|Lessons from the Obituary|
Enron’s financial free-fall, handcuffed executives, bankruptcy and bad name have been much worse than a colossal embarrassment to those in the energy business. The Enron (and Arthur Andersen) scandals have tainted solid firms with hard assets – those that had nothing to do with Enron but have been linked with its problems merely because they are energy companies. While the fallout from the scandal is far from over, it may be time to stop hand-wringing and start the conversation about what it will take to prevent another Enron.1
Enron was formed in 1985 as a small, regional gas pipeline company. By 2000, it had become the United States’ leading energy firm; a market maker in energy derivatives, tradable pollution rights and broadband capacity, in addition to many more recognizable energy commodities.2 Transformed from a stodgy, hard-asset utility company into one that traded in intangibles, the company’s strategy was built on the belief that more money could be made buying and selling financial contracts linked to the value of assets, than in actually owning the assets themselves.3
Enron’s reported annual revenues grew from under $10 billion in the early 1990s to $101 billion in 2000, making it seventh on the Fortune 500 list. Enron’s stock was trading at more than $80 per share in January 2001; by January 2002, it had declined to less than 70 cents per share.4 Enron filed for Chapter 11 bankruptcy protection on Dec. 2, 2001.

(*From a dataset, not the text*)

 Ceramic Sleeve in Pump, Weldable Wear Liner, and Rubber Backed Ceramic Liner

Enron fell fast. The day after it filed for bankruptcy protection, the company laid off over 4000 of its employees, giving each of them 30 minutes to clean out their desks. In January 2002, Cliff Baxter, a former Enron vice chairman, committed suicide. Over several days in February 2001, Enron’s chief executives appeared before Congress. Enron’s CEO, Ken Lay, along with other top Enron executives, invoked the Fifth Amendment. Today, the company is managed by a professional bankruptcy or 'turnaround' consultant who expects to make $20 million stabilizing the company.5
What Enron Did Wrong
Legally, Enron did many things wrong, several of which involved its outside auditor and consultant, Arthur Andersen. Federal securities law requires financial statements of publicly traded companies to be certified by an independent auditor.6 In this context, the word 'independent' should mean that the auditor does only audit work for the audited firm. In Enron’s case, Andersen had a lucrative consulting contract with the company, and certifying its true – and dismal – financial picture obviously would have meant the end of the consulting work. While the SEC’s use of the word 'independent' would seem to have prevented the relationship, many Big Five accounting firms had consulting arms that worked for the firms they audited. The new Sarbanes-Oxley Act of 2002, Congress’s response to the Enron/Andersen scandal, prevents these close relationships that are clearly conflicts of interest. 15 U.S.C. § 7245.

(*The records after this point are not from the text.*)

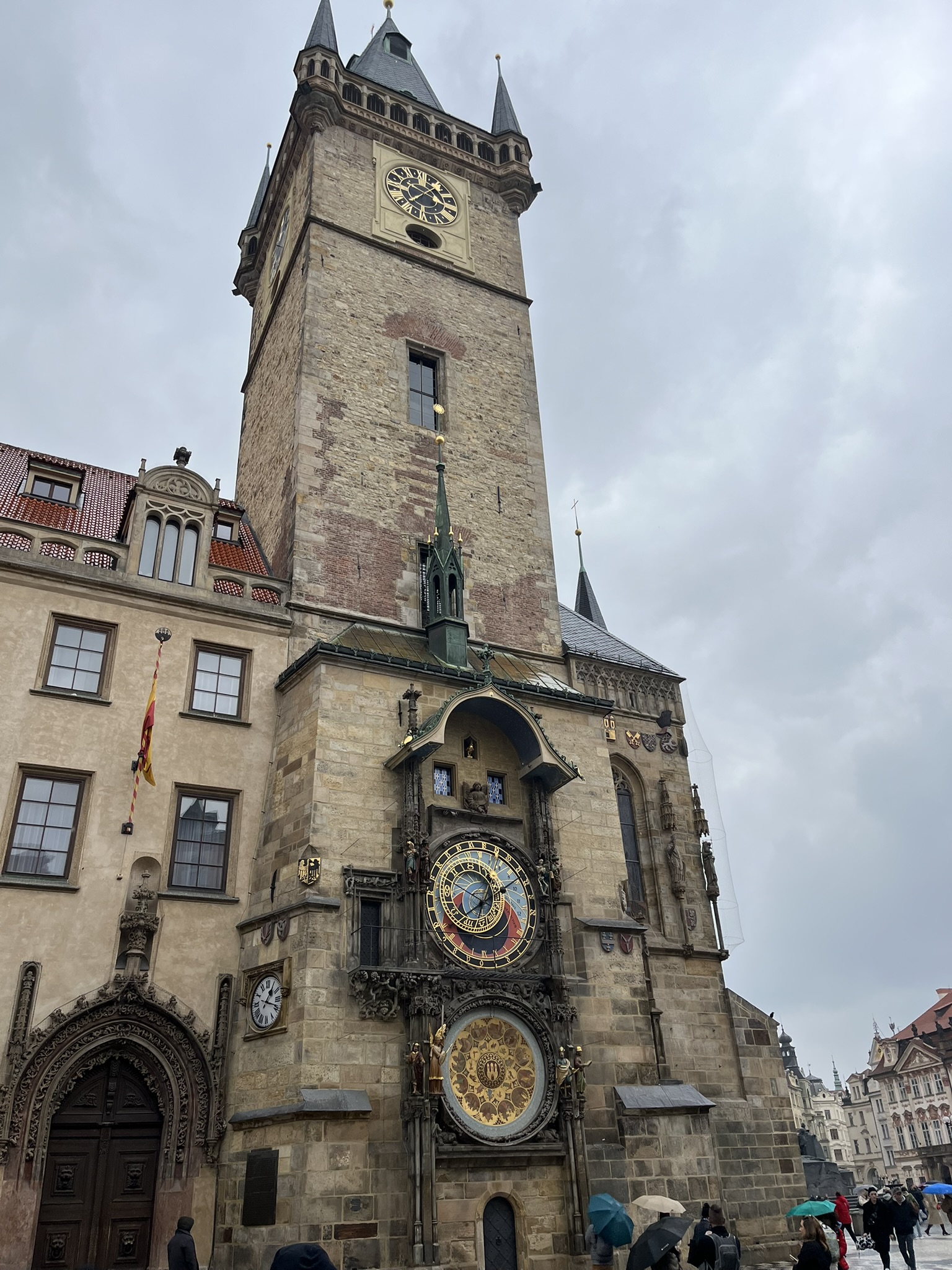 Praga8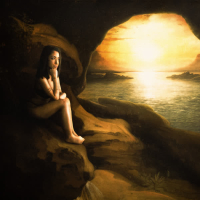 Mi Instinto (Single)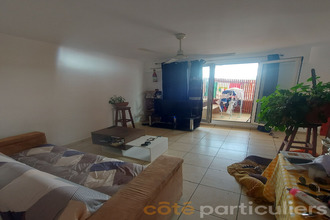  appartement trois-bassins 97434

One of the most vivid images of Andersen and Enron’s corruption was that of the Andersen audit partner-in-charge feeding volumes of documents into a shredder with full knowledge of the government’s impending investigation of Enron. While the Sarbanes-Oxley Act has some specific corporate document retention provisions, the shredding violated long-enacted federal obstruction of justice and common law spoliation of evidence rules, not to mention federal and state discovery requirements.

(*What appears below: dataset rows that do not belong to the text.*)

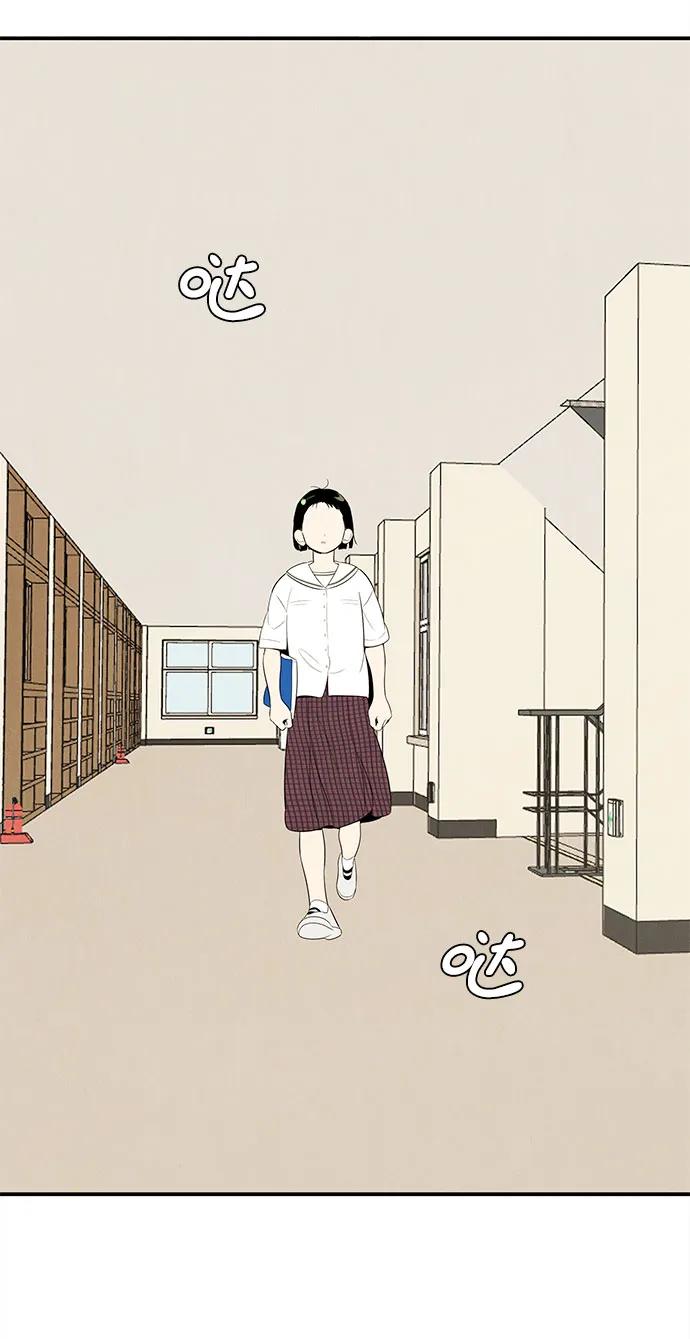 第 104 页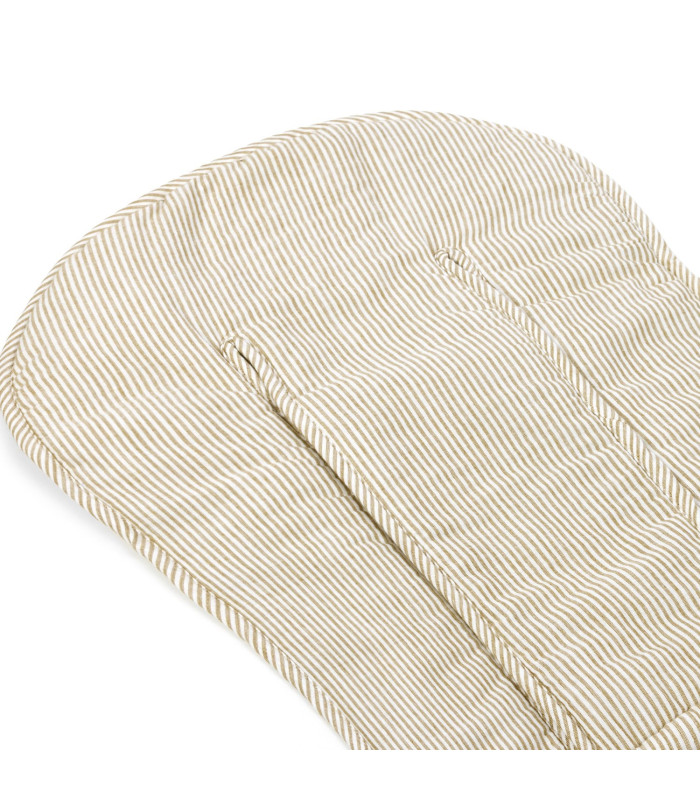 Jané Colchoneta Silla Universal Transpirable | Nenelandia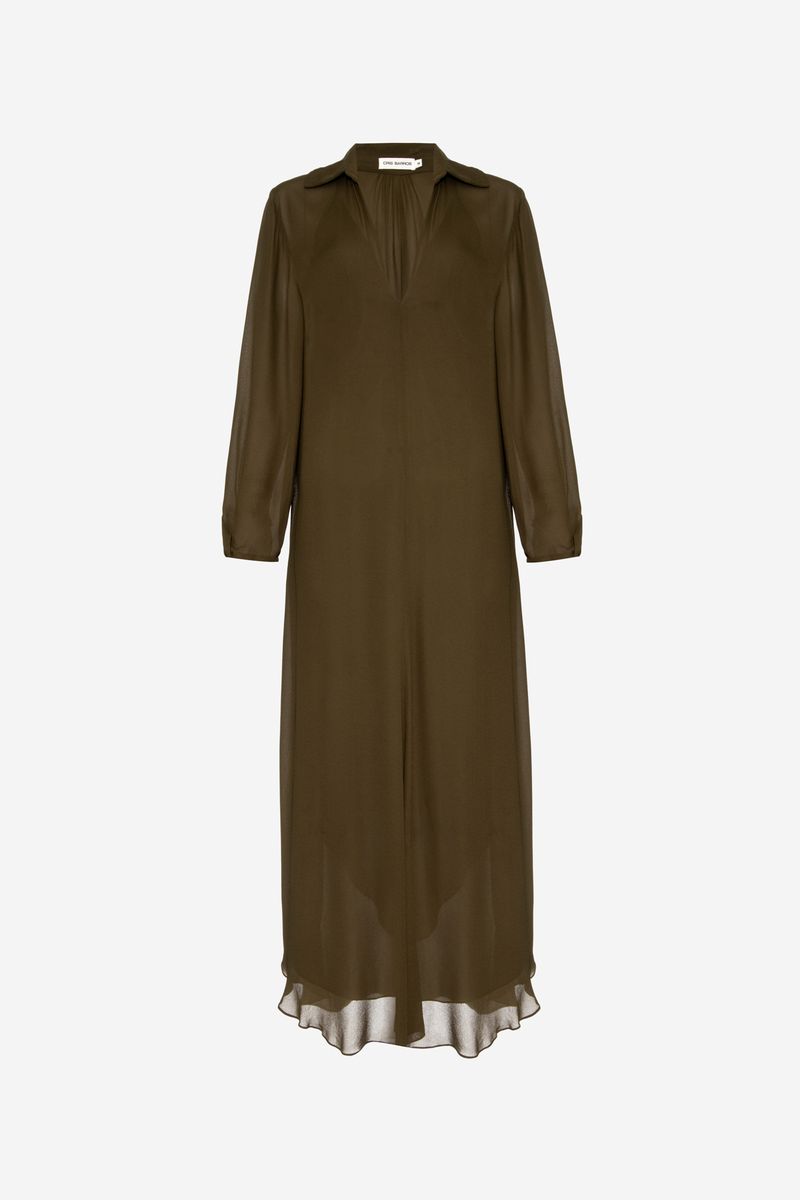39VE662VR_0000_11-VESTIDO-URSULA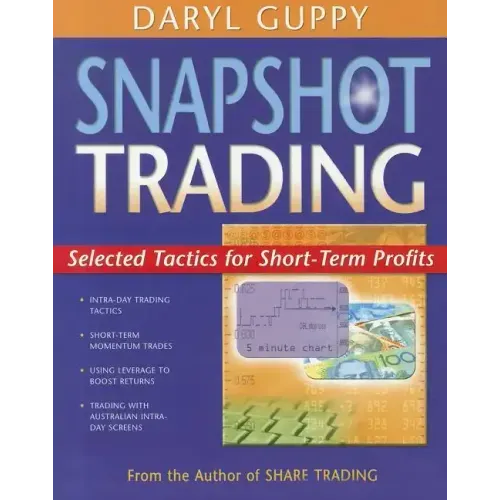 Snapshot Trading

Enron’s creative accounting allowed the company to park unprofitable businesses in so-called special purpose entities ('SPEs') that did not follow the independence and other rules for legitimate SPEs. (In a spectacular lapse in judgment, Enron’s board voted to waive conflict of interest rules, allowing Andy Fastow, Enron’s CFO, to manage off-the-books SPEs for lucrative compensation.)7 The SPEs’ financial statements were not consolidated with the corporation’s financial statements, misleading investors and regulators about the company’s worth. Because Enron invented some of its assets, such as non exchange-traded energy contracts, the company had considerable latitude in valuing them. Investor confidence and federal securities rules both require that outside investors be able to rely on company statements about net income and contingent liabilities. When Enron investors relied on the company’s distorted numbers, they were fatally misled.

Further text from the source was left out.